Worryingly, there seems to be no place in the Johnson regime for people like her. She felt marginalised by the incoming PM, notably when he sacked her ally and friend David Mundell as Scottish secretary despite her pleas for him to stay. Message: true believers only need apply for ministerial jobs.
Boris should be very concerned about Davidson’s departure. It is highly symbolic of how the Tories are becoming the Brexit Party in order to eat Nigel Farage’s fan club before it eats them. Failing to keep Davidson on board at a time of national crisis blows a hole in Boris’s claim to lead a One Nation, liberal conservative government. Again, Brexit eclipses everything.
The irony is that Davidson and Johnson have much else in common. They are both “Heineken politicians” who appeal to parts of the electorate the Tories struggle to reach. They possess the rare quality of being fun. They both have liberal instincts on immigration while being traditionally Tory on law and order and defence. If the cards had fallen differently, Davidson could easily have become a contender to become prime minister; many Tories regretted she was not an MP and so could not run for the leadership this year. We now know her family commitments would have prevented it, after her typically honest but worrying statement about today’s 24/7 politics.

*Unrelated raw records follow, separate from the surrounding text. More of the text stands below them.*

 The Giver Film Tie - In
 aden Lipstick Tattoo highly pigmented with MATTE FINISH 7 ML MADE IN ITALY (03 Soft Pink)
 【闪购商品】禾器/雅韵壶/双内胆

The divide between Boris and Davidson on Brexit was not bridgeable while no deal remains such a real possibility and, in the eyes of Johnson’s allies, is now synonymous with Brexit even though no one talked about it in 2016. Davidson’s powerful plea for MPs to get behind a deal was also a message to Johnson to pull out all the stops to secure one, and to compromise in his negotiations with the EU.

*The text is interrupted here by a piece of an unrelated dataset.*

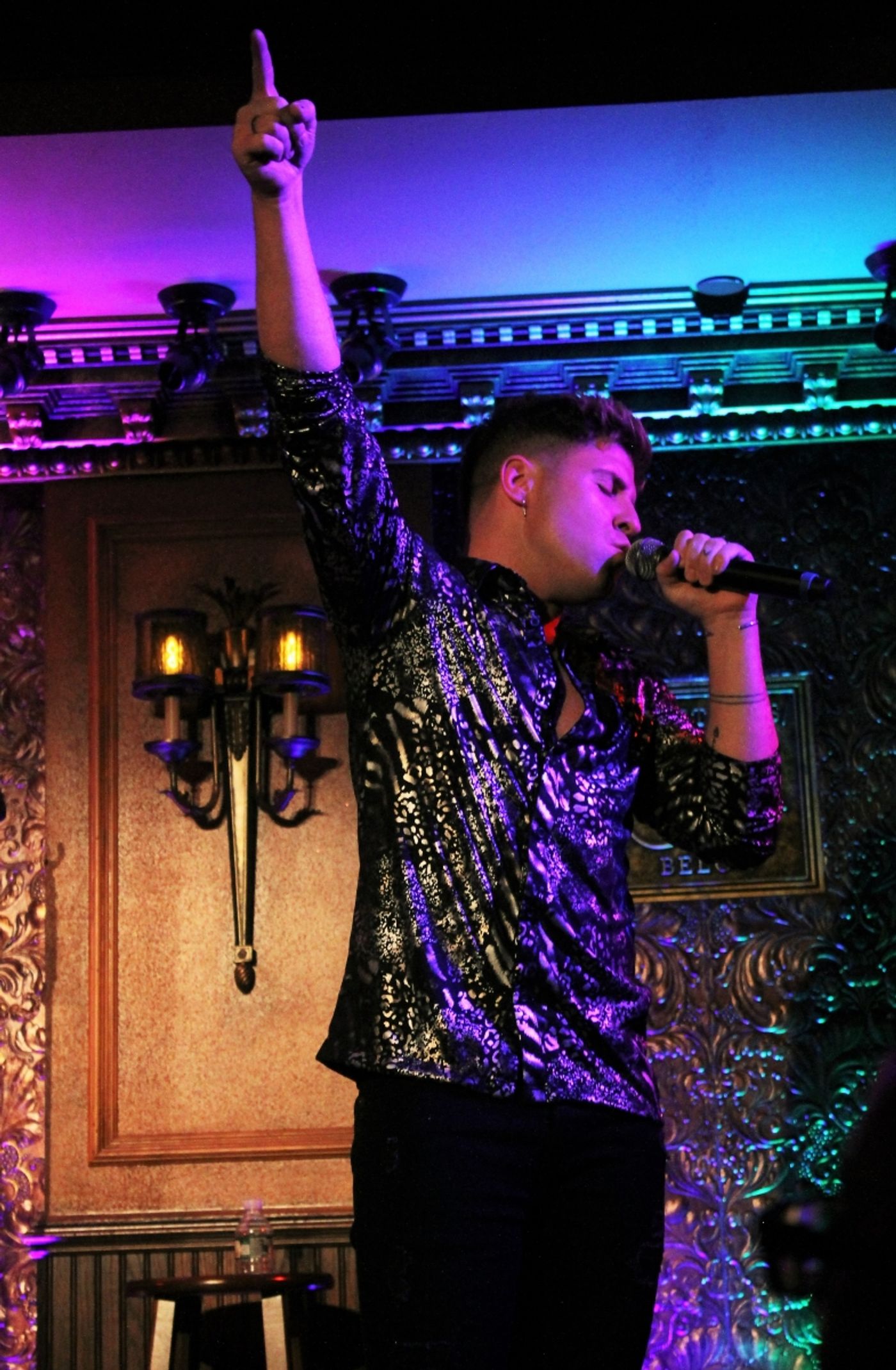 Review: THE BOY BAND PROJECT Makes A Dazzling Debut At Feinstein's/54 Below  Image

Boris will miss Davidson because his own Heineken effect has been diluted by the EU referendum – and most certainly does not reach Scotland. With an autumn general election looking more likely by the day, Johnson may come to rue the departure of the leader who boosted the number of Scottish Tory MPs from one to 13 at the 2017 election, allowing Theresa May to remain in power (just).
It is true that an early election would have been problematic for Scottish Tories even with Davidson at the helm, but no one would have a better chance of cushioning the blow than her.
Scotland voted to Remain by 62 per cent to 38 per cent in 2016. No wonder, then, that the prospect of no deal has fuelled support for another independence referendum and for a breakaway. For now at least, Boris seems more concerned with pandering to the Tory members who elected him. Their obsession with Brexit even trumps their name as the Conservative and Unionist Party. A highly significant YouGov poll found that 63 per cent of Tory members would rather Brexit take place, even if it meant Scotland leaving the UK.
Ultimately, it was May’s genuine commitment to the union that persuaded her to abandon her “no deal is better than a bad deal” mantra. The political landscape is very different now.